Pur con le sue dimensioni modeste, dunque, «la nostra comunità cristiana è molto dinamica e attiva in tutto il paese. Il nostro ruolo sociale — spiega — è come il sale. Spesso cito l’esempio di un piatto di riso: non è necessario mettere tanto sale. E questo è il modo in cui lavoriamo». Tanti sono perciò i campi d’azione: dalla sanità all’istruzione, dalle attività di beneficenza e quelle socio-economiche, in particolare attraverso il movimento dei sindacati cristiani. Soprattutto, però, aggiunge, «abbiamo anche un ruolo importante nel dialogo interreligioso, favorendo un dialogo con azioni concrete, oltre che sulle questioni spirituali. Tra il 70 e l’80 per cento di coloro che lavorano nelle nostre istituzioni appartengono ad altre religioni». Una sottolineatura non secondaria se si considerano le tensioni che attraversano il Paese soprattutto dopo i due gravi attentati terroristici del luglio scorso — quello in un caffè della capitale, in cui vennero uccise 22 persone, tra cui 18 stranieri, e quello di Kishoreganj, in cui venne presa di mira la locale comunità musulmana che celebrava la fine del ramadan —. «Ritengo che nessuno di questi attacchi faccia parte della cultura del Bangladesh: sono attacchi «stranieri», nel senso che non hanno radici nella realtà del Bangladesh. Questi terroristi hanno motivazioni politiche e usano la religione per destabilizzare il governo e il potere. Non è il fondamentalismo religioso, ma un progetto politico che usa la religione». Tuttavia, osserva, «Dio scrive diritto su righe storte: dopo tutti questi tragici eventi, delle cose buone sono accadute, con delle prese di posizione molto forti contro il terrorismo. Tutti i leader religiosi, musulmani, buddisti, cristiani o indù si sono riuniti e hanno discusso insieme di religione. C’è una reale presa di coscienza che attraversa tutto il paese, e questo insieme ai musulmani che sono il 90 per cento della popolazione. Da tutto questo male è venuto fuori qualcosa di positivo. La nostra identità culturale è forte ed è un ricco patrimonio di armonia religiosa che sperimentiamo ogni giorno».

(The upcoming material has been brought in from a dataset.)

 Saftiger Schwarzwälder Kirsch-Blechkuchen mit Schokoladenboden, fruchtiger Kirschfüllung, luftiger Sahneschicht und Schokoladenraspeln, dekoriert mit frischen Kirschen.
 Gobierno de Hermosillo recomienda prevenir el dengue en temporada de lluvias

Infatti, sottolinea, «deve essere chiaro che questi atti terroristici sono commessi da un piccolo numero di persone e non ricevono alcun sostegno da parte della popolazione musulmana del Bangladesh». In questa prospettiva, assicura il porporato, la Chiesa è impegnata ad approfondire la collaborazione con le istituzioni civili. «Ho chiesto la possibilità di una interazione tra il governo e tutti i vescovi e i rappresentanti cattolici del Bangladesh alla fine del prossimo gennaio per discutere di libertà religiosa, di libertà delle nostre istituzioni educative e di libertà delle popolazioni indigene».